[[ PROVIDED MATERIAL open ]]

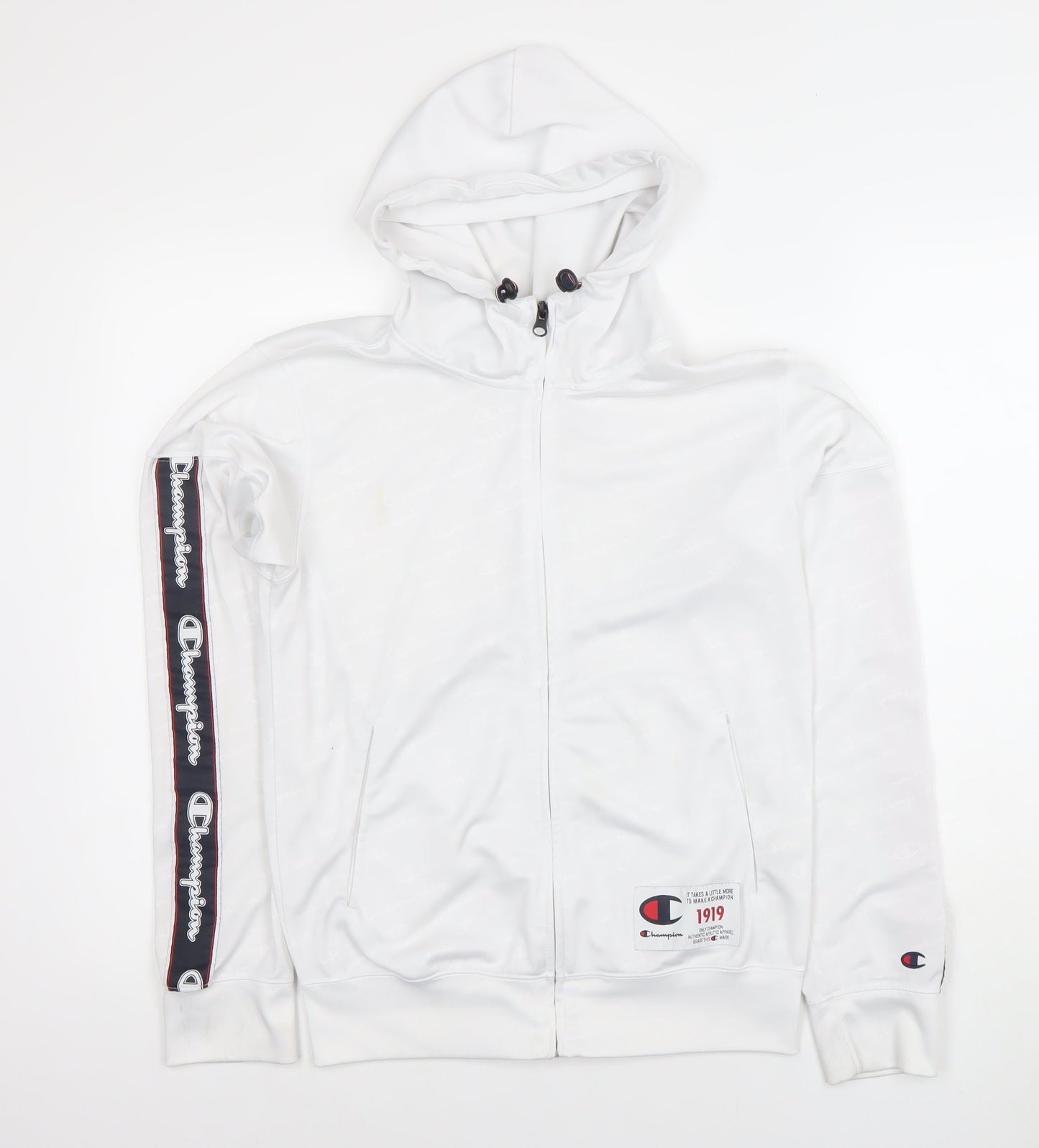 Champion Men White Full Zip Hoodie S Logo Sports Polyester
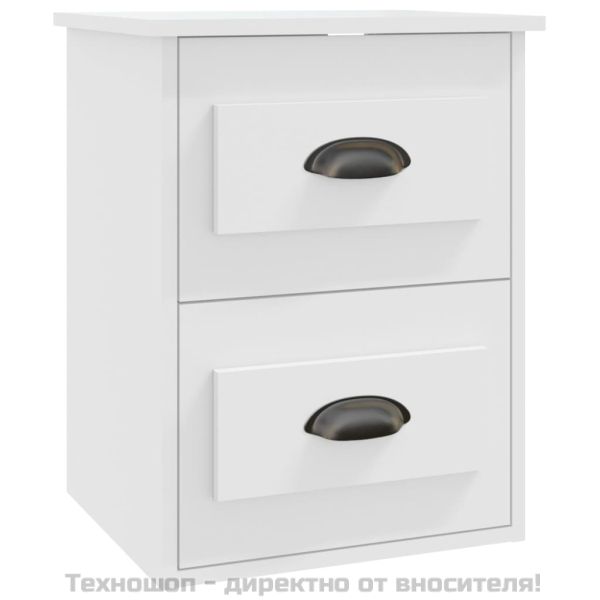 Нощно шкафче за стенен монтаж, бяло, 41,5x36x53 см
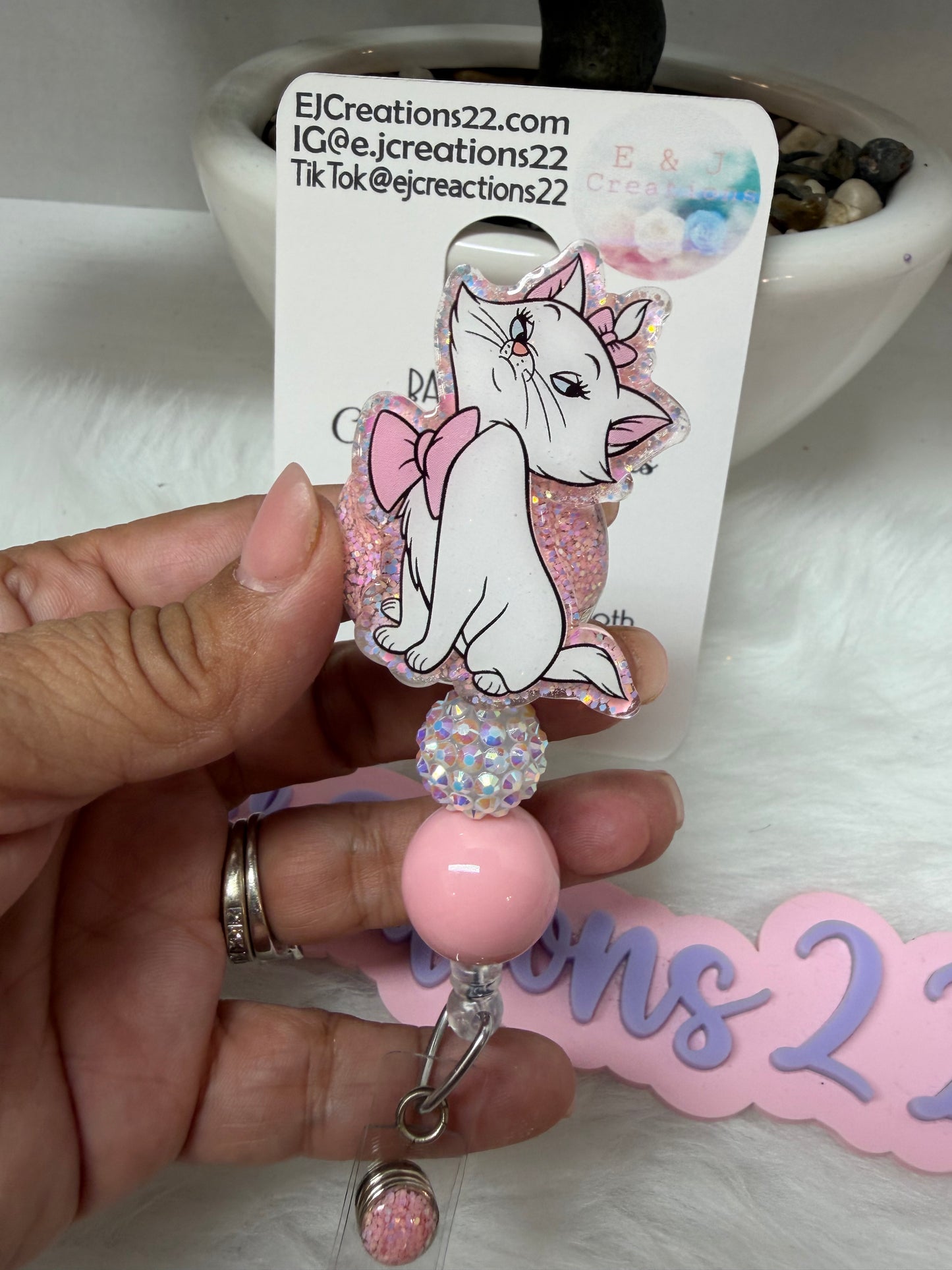 Classy and Sassy Cat Badge Reel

[[ PROVIDED MATERIAL closed ]]

▶ [WHAT THIS TASK INVOLVES]: Reproduce all of the data exactly; the pictures do not belong in the copy.

▶ [SOLUTION TO THIS EXERCISE]:
 Champion Men White Full Zip Hoodie S Logo Sports Polyester
 Нощно шкафче за стенен монтаж, бяло, 41,5x36x53 см
 Classy and Sassy Cat Badge Reel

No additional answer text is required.